Nevertheless, we should note that there are several limitations in our study due to the discrete data across studies. First, not all the HRs are provided by the primary articles and we calculated some of them by reconstructing survival curves, which may cause bias, thus making the HR less accurate. Second, most of the patients included in the meta-analysis were from Asia countries, and thus our results may just represent patients from Asia. Third, the sample size was relatively small and we did not analyze the correlations between PD-L1 expression and clinicopathological characteristics of patients as the data were not complete.

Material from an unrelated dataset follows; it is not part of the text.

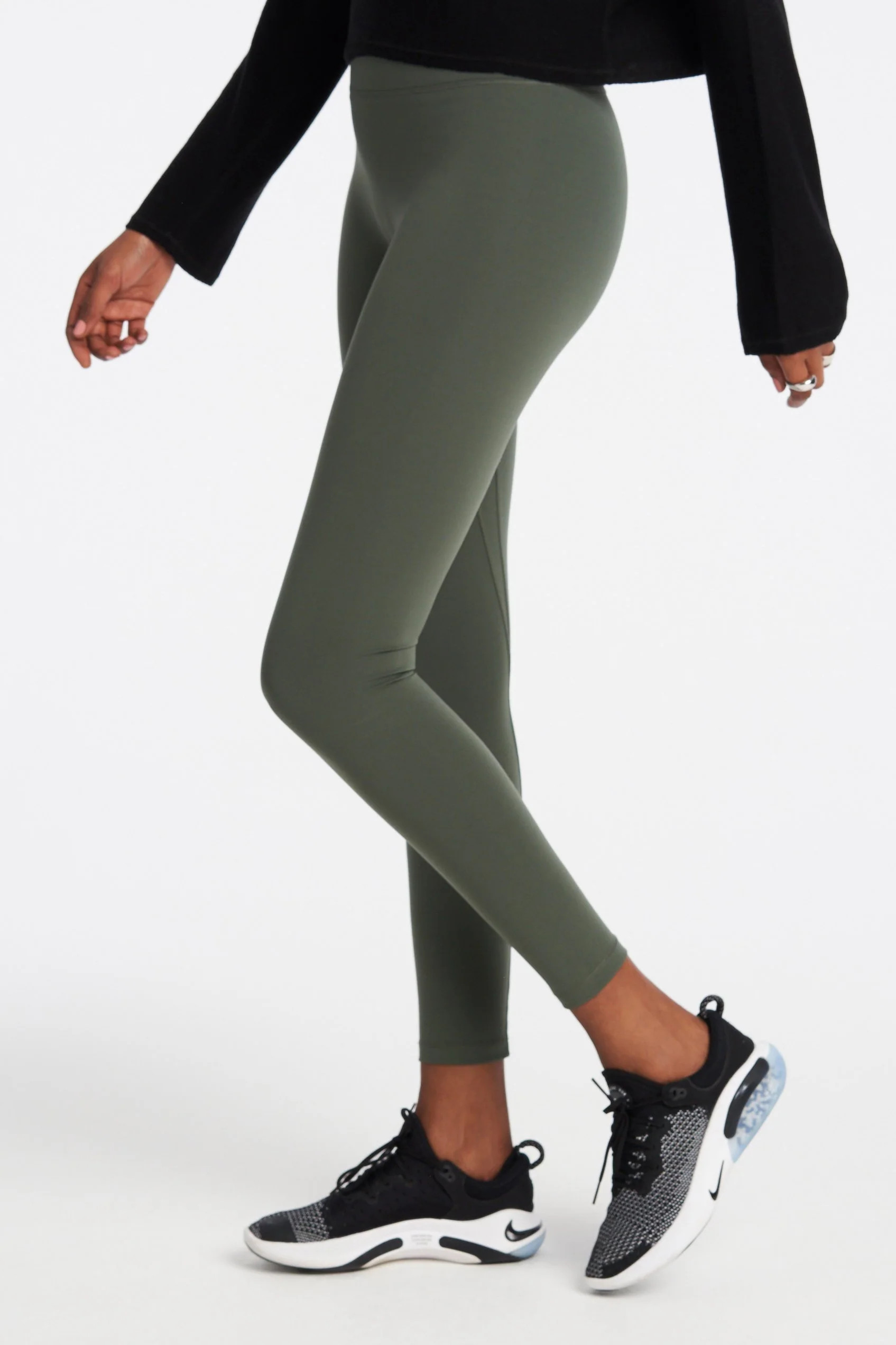 All Access High Waisted Center Stage Leggings in Thyme Bandier | Bandier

In conclusion, our meta-analysis indicated that the expression of PD-L1 is associated with a worse OS in pancreatic cancer patients with a pooled HR of 1.902, 95% CI: 1.657-2.184. In addition, PD-L1 may act as a new parameter for predicting poor prognosis and a promising target for anticancer therapy in pancreatic cancer. However, considering the above limitations, larger, multi-center and higher-quality studies are recommended to further determine the prognostic value of PD-L1 expression in pancreatic cancer patients.
The authors declare no conflict of interest.